The one genuine insight that can be taken away from the book is that demography is not destiny. Here, Mounk’s otherwise mechanical “bothsidesism” has some justification: Plenty of Democrats believe the future is theirs because of minorities’ growing vote share, while Republicans double down on voter suppression based on the same predictions. Both underestimate that identities are fluid and that parties have plenty of leeway in deciding whose interests to appeal to. Mounk is right that both sides should get rid of what he calls the “most dangerous idea in American politics”—but in the end that’s slim pickings for an author who calls himself “one of the world’s leading experts on the crisis of liberal democracy.”

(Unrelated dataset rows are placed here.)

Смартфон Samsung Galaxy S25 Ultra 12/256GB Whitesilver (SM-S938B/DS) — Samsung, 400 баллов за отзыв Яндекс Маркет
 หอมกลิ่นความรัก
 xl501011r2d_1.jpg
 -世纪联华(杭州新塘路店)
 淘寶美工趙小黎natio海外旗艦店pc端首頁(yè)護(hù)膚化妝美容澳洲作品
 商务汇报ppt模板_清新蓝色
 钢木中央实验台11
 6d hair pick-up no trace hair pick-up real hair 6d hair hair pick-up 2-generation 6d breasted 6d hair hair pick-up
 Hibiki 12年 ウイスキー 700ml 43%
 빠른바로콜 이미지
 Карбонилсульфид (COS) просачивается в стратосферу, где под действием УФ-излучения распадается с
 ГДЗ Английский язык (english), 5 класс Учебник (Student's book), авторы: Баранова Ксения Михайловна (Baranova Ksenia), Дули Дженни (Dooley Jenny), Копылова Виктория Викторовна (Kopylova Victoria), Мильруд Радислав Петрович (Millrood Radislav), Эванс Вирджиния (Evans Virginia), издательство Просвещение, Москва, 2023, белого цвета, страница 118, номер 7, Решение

The world may be approaching a new cold war, but unlike the leaders of the Soviet Union and China in the 20th century, today’s autocrats do not offer an ideology aimed at global appeal. In fact, they have no new political idea at all—to justify themselves, they often invoke democracy. What’s new is their ability to refine their governing techniques and to exploit the West’s tendency to put profit above political principles. Putin’s system crucially relied on legal loopholes and the cooperation of Western bankers, lawyers, and real estate agents with Russian oligarchs. Spin dictatorships have also benefited from the willingness of former Western leaders to certify them as real democracies.
However, Putin’s invasion of Ukraine may lead to a moment of reckoning for the West and a reassessment of how to treat its adversaries. Guriev and Treisman’s indispensable book, and to some extent Rachman’s, can help the West understand just what it is dealing with.